On peut voir assez facilement cette exécution concurrente. Considérons les deux programmes Python suivants :

progA.py

🐍 Script Python
import time

for i in range(100):
    print("programme A en cours, itération", i)
    time.sleep(0.01)  # pour simuler un traitement avec des calculs

progB.py

🐍 Script Python
import time

for i in range(100):
    print("programme B en cours, itération", i)
    time.sleep(0.01)  # pour simuler un traitement avec des calculs

En ouvrant un Terminal, on peut lancer simultanément ces deux programmes avec la commande

Bash
$ python progA.py & python progB.py &

Le caractère & qui suit une commande permet de lancer l'exécution en arrière plan et de rendre la main au terminal.

Le shell indique alors dans la console les PID des processus correspondant à l'exécution de ces deux programmes puis on constate grâce aux affichages que le système d'exploitation alloue le processeur aux deux programmes à tour de rôle :

Accès concurrents aux ressources⚓︎

Une ressource est une entité dont a besoin un processus pour s'exécuter. Les ressources peuvent être matérielles (processeur, mémoire, périphériques d'entrée/sortie, ...) mais aussi logicielles (variables).

Les différents processus se partagent les ressources, on parle alors d'accès concurrents aux ressources. Par exemple,

  • les processus se partagent tous l'accès à la ressource "processeur"
  • un traitement de texte et un IDE Python se partagent la ressource "clavier" ou encore la ressource "disque dur" (si on enregistre les fichiers), ...
  • un navigateur et un logiciel de musique se partagent la ressource "carte son", ...

C'est le système d'exploitation qui est chargé de gérer les processus et les ressources qui leur sont nécessaires, en partageant leur accès au processeur. Nous allons voir comment tout de suite !

États d'un processus⚓︎

Au cours de son existence, un processus peut se retrouver dans trois états :

  • état élu : lorsqu'il est en cours d'exécution, c'est-à-dire qu'il obtient l'accès au processeur
  • état prêt : lorsqu'il attend de pouvoir accéder au processeur
  • état en bloqué : lorsque le processus est interrompu car il a besoin d'attendre une ressource quelconque (entrée/sortie, allocation mémoire, etc.)

Il est important de comprendre que le processeur ne peut gérer qu'un seul processus à la fois : le processus élu.
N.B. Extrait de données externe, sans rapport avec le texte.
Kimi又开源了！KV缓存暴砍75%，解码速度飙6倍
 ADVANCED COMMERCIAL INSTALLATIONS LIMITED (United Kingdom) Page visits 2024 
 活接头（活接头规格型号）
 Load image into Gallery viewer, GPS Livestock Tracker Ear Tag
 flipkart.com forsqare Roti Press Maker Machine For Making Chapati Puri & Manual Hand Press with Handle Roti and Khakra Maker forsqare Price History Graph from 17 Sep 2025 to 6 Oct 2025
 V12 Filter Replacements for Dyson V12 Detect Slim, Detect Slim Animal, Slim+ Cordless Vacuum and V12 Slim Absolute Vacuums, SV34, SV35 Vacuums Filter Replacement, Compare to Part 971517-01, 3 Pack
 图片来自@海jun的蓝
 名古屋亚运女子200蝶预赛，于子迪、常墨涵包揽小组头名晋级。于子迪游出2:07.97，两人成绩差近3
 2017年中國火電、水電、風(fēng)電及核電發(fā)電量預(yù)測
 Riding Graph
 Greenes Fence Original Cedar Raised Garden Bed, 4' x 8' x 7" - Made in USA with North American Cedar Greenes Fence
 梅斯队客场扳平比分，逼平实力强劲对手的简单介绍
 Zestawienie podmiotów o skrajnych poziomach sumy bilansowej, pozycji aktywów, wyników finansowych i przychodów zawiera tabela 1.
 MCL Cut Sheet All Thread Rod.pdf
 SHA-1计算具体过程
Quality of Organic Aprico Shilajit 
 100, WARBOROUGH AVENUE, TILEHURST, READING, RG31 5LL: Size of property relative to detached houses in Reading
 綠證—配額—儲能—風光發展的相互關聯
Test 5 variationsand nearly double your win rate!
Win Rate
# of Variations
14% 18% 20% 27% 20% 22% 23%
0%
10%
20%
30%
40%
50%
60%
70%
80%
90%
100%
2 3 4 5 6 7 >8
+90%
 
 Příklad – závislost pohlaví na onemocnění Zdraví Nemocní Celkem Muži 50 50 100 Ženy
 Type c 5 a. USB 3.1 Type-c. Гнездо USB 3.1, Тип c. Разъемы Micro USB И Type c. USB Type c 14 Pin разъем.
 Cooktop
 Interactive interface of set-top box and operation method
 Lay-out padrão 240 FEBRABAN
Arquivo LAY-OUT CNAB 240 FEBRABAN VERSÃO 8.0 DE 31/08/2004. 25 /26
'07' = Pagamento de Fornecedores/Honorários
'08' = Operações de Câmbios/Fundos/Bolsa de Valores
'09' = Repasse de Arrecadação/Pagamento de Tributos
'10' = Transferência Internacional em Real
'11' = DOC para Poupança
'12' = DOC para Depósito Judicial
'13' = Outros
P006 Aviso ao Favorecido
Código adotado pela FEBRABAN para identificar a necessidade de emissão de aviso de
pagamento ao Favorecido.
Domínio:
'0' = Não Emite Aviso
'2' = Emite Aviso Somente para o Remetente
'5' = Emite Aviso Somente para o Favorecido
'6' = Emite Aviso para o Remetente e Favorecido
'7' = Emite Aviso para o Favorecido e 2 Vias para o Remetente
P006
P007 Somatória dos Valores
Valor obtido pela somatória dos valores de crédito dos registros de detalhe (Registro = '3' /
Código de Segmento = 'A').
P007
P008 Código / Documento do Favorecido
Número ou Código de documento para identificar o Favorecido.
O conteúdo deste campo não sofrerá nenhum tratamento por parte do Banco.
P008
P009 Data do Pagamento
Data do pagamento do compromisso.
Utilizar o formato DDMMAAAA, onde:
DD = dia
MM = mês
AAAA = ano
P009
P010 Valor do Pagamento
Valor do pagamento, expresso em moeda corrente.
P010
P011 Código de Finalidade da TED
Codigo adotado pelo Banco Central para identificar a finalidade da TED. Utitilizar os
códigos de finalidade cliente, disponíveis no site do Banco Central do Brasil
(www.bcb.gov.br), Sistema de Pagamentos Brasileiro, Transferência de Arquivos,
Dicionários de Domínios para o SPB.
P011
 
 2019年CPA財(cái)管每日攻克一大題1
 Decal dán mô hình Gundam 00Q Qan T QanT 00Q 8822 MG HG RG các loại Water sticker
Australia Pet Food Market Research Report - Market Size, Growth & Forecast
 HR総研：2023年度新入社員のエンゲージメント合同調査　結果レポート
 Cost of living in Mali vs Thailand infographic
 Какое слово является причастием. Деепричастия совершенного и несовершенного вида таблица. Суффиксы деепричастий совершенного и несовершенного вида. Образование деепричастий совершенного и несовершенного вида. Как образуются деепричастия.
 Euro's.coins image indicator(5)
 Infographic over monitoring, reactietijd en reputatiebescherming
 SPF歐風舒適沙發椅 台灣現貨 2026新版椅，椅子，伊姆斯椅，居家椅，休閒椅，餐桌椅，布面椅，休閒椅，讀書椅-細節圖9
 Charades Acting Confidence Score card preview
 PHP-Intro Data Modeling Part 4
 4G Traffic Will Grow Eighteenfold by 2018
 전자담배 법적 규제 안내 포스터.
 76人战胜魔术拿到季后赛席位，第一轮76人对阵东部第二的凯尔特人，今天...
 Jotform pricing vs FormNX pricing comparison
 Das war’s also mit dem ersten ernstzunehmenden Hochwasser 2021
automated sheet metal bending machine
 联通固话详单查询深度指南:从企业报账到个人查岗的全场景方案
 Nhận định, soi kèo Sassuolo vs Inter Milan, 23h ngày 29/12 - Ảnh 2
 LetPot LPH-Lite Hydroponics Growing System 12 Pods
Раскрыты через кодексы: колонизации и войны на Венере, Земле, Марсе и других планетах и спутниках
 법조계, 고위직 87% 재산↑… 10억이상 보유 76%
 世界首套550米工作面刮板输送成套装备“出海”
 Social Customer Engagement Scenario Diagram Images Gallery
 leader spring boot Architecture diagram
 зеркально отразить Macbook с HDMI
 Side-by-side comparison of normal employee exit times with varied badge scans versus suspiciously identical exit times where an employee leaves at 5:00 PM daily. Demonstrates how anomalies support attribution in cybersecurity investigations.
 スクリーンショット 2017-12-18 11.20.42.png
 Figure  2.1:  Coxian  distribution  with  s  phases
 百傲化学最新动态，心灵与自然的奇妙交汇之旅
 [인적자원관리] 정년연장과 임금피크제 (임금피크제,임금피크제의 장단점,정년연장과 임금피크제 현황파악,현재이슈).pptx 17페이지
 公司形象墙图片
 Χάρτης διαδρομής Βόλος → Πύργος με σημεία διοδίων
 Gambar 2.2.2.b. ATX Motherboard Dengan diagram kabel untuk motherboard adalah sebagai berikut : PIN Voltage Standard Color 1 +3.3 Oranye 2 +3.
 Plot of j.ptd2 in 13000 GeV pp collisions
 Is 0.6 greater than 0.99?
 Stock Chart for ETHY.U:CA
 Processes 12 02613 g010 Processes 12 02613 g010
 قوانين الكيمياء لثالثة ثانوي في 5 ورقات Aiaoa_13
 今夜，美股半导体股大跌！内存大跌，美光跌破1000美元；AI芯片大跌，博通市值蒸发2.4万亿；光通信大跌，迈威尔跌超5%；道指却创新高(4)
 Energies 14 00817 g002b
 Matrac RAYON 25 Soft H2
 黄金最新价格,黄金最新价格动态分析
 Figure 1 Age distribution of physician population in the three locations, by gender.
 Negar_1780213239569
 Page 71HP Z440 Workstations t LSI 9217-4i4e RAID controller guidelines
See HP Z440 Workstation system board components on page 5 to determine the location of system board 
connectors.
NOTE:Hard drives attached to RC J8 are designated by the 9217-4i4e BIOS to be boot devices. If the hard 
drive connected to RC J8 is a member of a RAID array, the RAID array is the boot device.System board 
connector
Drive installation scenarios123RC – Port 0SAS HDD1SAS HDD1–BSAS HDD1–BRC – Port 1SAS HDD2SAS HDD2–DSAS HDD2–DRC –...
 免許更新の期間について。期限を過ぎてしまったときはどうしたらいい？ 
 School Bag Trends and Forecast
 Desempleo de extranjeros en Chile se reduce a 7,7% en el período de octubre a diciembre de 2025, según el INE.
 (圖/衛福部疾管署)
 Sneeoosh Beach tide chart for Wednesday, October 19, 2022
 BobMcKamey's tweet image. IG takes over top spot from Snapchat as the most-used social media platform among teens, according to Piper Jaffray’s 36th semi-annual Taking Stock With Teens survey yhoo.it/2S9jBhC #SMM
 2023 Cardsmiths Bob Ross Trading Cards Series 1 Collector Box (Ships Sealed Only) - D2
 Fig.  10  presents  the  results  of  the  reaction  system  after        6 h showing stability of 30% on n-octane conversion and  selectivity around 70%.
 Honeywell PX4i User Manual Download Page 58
En pratique, lorsqu'un processus est créé il est dans l'état prêt et attend de pouvoir accéder au processeur (d'être élu). Lorsqu'il est élu, le processus est exécuté par le processeur mais cette exécution peut être interrompue :

  • soit pour laisser la main à un autre processus (qui a été élu) : dans ce cas, le processus de départ repasse dans l'état prêt et doit attendre d'être élu pour reprendre son exécution
  • soit parce que le processus en cours a besoin d'attendre une ressource : dans ce cas, le processus passe dans l'état bloqué.

Lorsque le processus bloqué finit par obtenir la ressource attendue, il peut théoriquement reprendre son exécution mais probablement qu'un autre processus a pris sa place et est passé dans l'état élu. Auquel cas, le processus qui vient d'être "débloqué" repasse dans l'état prêt en attendant d'être à nouveau élu.

Ainsi, l'état d'un processus au cours de sa vie varie entre les états prêt, élu et bloqué comme le résume le schéma suivant :

Lorsqu'un processus est interrompu, il doit pouvoir reprendre à l'endroit même où il a été interrompu. Pour cela, le système d'exploitation conserve pour chaque processus créé une zone mémoire (appelée PCB, pour Process Control Bloc, ou bloc de contrôle du processus) dans laquelle sont stockées les informations sur le processus : son PIB, son état, la valeur des registres lors de sa dernière interruption, la zone mémoire allouée par le processus lors de son exécution, les ressources utilisées par le processus (fichiers ouverts, connexions réseaux en cours d'utilisation, etc.).

Ordonnancement⚓︎

C'est le système d'exploitation qui attribue aux processus leurs états élu, prêt et bloqué. Plus précisément, c'est l'ordonnanceur (un des composants du système d'exploitation) qui réalise cette tâche appelée ordonnancement des processus.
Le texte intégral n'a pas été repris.